Intersectionality is at the core of Eli Clare’s Exile and Pride. Clare explores a number of social issues that all twine together. As Clare writes at the beginning of “stones in my pocket, stones in my heart,” “Gender reaches into disability; disability wraps around class; class strains against abuse; abuse snarls into sexuality; sexuality folds on top of race [...] everything finally piling into a single human body” (143). The body is the vessel that carries the many identities of a person; Clare, for example, is disabled, gay, genderqueer, white, and “mixed-class.” No one singular thing comprises his entirety, but each contributes to the complexity of his personhood and—thanks in part to systems of oppression organized along axes of identity—his experience of the world.
Clare often conceptualizes the way his experiences of oppression intersect in terms of exile, as when he writes, “My displacement, my exile, is twined with problems highlighted in the intersection of queer identity, working-class and poor identity, and rural identity” (48). He left Port Orford to find a way to live as his most authentic self, as Port Orford was not welcoming to the LGBTQIA+ community. However, class also played a role, as he could not find economic success in a rural community that survives on lumber and fishing, two industries that harm the environment and go against Clare’s environmental politics. Clare thus experienced alienation in his hometown, but his time in the city is similarly marked by a sense of unbelonging. An anecdote about assuming a woman’s shoes denotes how her job highlights the gap between rural and urban experience, as well as that between upper-middle-class and working/lower-middle-class identity.

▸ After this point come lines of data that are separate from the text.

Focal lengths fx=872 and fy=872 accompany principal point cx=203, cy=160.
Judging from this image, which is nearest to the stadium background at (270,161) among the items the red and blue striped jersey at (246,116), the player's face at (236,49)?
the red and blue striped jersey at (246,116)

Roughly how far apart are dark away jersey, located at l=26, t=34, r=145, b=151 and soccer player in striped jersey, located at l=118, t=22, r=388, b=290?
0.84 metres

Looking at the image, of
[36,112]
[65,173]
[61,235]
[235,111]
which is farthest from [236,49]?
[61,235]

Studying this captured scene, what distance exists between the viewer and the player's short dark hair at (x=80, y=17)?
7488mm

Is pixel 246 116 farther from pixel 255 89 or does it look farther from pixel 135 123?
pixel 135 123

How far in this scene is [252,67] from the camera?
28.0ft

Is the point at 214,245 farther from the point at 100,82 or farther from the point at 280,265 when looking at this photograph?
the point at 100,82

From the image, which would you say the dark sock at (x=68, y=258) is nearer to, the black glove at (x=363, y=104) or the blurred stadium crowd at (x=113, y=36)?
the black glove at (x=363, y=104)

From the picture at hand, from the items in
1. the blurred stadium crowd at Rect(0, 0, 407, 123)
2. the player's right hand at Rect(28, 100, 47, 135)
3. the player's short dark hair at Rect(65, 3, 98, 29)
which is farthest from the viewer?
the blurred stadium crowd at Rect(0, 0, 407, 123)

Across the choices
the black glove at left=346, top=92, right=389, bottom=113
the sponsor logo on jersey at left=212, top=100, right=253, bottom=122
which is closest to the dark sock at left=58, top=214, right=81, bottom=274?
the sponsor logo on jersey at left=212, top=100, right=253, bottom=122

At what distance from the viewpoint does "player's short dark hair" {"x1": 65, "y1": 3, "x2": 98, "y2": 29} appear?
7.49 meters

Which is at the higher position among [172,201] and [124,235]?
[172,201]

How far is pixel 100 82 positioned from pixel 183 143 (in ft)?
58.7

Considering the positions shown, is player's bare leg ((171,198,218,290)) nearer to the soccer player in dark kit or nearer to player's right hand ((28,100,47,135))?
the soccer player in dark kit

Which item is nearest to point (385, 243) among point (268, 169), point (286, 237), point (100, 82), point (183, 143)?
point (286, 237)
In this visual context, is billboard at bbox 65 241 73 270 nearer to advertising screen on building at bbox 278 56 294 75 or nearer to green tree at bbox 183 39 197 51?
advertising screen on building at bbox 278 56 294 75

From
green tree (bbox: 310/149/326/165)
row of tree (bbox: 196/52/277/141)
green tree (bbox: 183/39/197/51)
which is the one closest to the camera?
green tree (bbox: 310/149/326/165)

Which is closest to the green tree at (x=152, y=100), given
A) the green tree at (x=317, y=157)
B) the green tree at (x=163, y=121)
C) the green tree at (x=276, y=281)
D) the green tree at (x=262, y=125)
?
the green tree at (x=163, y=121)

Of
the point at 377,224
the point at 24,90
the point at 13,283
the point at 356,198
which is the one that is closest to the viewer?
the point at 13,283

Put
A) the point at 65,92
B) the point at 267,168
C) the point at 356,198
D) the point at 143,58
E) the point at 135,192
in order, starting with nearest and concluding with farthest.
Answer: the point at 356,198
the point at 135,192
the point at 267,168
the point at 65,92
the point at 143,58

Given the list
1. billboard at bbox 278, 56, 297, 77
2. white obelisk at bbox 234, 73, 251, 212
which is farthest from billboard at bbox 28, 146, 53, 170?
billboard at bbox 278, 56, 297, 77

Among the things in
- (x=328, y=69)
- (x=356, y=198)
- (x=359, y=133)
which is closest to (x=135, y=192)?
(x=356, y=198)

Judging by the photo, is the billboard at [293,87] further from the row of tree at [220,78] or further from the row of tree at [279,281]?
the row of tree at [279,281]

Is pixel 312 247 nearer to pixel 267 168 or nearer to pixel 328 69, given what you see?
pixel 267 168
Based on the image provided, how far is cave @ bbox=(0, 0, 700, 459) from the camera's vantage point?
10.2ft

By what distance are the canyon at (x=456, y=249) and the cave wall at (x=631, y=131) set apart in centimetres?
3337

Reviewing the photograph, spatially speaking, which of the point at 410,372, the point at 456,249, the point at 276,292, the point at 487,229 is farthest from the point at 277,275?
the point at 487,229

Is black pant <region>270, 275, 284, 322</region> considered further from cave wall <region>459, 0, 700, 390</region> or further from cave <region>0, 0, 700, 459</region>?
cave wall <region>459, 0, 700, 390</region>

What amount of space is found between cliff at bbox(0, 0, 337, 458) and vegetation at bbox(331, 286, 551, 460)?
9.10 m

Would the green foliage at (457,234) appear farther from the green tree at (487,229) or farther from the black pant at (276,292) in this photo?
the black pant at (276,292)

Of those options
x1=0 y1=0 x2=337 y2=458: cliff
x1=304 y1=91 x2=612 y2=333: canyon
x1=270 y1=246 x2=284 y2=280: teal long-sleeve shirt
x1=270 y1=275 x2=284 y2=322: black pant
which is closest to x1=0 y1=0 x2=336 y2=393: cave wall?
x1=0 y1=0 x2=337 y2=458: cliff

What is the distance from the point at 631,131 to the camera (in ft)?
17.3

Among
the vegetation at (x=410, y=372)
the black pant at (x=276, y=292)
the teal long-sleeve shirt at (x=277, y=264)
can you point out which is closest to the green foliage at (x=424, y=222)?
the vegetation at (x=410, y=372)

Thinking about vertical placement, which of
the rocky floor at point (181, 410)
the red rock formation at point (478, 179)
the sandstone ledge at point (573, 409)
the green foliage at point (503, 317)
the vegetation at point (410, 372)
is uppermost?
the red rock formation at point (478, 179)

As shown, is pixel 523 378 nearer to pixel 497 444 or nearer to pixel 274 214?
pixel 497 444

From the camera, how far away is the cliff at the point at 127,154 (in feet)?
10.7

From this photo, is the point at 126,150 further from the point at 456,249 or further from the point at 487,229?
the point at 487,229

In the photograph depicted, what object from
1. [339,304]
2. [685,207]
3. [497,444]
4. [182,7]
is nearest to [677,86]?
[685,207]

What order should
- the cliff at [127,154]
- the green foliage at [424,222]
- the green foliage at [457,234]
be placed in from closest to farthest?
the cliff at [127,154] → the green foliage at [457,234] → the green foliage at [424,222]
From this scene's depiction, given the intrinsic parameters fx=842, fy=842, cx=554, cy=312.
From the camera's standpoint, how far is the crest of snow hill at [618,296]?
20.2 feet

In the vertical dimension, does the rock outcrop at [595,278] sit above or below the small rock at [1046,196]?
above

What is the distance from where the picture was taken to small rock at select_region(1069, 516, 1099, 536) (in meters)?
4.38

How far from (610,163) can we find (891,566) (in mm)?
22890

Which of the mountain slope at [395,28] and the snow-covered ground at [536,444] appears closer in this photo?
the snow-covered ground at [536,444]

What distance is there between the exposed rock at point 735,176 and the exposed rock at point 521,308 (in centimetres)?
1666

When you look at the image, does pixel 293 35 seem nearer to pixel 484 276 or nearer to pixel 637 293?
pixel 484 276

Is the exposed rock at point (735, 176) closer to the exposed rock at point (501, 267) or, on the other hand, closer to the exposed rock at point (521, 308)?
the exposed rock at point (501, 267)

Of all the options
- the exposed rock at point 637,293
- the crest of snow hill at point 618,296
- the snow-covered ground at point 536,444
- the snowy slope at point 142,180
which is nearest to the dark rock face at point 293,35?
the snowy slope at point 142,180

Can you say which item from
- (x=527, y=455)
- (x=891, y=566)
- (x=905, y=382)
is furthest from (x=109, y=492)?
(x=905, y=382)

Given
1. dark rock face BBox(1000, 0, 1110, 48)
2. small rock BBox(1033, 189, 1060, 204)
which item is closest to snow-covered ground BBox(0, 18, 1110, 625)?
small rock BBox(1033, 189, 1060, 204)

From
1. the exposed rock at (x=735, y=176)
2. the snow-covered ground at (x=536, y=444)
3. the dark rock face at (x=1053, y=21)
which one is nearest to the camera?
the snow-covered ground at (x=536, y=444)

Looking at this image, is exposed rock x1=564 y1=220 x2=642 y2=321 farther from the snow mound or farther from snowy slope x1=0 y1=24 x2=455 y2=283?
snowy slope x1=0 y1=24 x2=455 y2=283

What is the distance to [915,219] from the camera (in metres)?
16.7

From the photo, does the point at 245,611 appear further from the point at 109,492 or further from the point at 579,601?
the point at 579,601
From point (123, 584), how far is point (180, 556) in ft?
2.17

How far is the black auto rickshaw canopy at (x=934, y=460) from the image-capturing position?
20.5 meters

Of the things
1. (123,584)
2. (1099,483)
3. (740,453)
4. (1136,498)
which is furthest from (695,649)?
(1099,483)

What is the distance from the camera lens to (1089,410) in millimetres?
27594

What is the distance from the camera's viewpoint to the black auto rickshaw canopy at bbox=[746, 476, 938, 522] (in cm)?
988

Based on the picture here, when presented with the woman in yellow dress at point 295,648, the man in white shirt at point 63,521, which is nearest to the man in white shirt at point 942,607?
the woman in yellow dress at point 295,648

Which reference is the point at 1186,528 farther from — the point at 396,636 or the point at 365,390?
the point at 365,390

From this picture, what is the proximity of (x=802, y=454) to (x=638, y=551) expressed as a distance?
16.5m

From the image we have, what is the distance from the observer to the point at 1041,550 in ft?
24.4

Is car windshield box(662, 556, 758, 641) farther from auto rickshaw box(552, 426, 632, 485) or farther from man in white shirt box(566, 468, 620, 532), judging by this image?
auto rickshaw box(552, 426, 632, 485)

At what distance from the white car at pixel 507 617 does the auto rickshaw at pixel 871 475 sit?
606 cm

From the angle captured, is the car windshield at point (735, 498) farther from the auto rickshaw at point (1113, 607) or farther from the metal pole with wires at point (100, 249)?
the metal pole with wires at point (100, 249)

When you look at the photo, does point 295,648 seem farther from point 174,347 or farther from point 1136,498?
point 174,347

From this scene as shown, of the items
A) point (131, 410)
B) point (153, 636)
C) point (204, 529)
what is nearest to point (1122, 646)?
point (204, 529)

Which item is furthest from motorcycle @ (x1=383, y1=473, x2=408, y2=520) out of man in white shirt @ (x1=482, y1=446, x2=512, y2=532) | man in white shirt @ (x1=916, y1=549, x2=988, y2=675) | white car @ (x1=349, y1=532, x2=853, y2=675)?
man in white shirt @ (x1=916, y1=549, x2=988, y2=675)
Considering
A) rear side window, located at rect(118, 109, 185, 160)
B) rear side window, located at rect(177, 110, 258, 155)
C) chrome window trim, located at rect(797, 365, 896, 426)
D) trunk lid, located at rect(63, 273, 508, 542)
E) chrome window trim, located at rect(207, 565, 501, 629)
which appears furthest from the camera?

Clare also spends considerable time exploring the connections and disconnections between disability and sexuality, particularly in the “reading across the grain” essay. Considering various images that depict people with disabilities, he states, “Yet disabled people find no trace of our sexualities in that world. We are genderless, asexual undesirables. This is not an exaggeration. Think first about gender and how perceptions of gender are shaped” (130). Disability overwhelms gender and orientation as the dominant identity, partly because some people with disabilities do not or cannot conform to societal expectations regarding gender and sexuality, but also because of the infantilization and medicalization that influence how people with disabilities are perceived.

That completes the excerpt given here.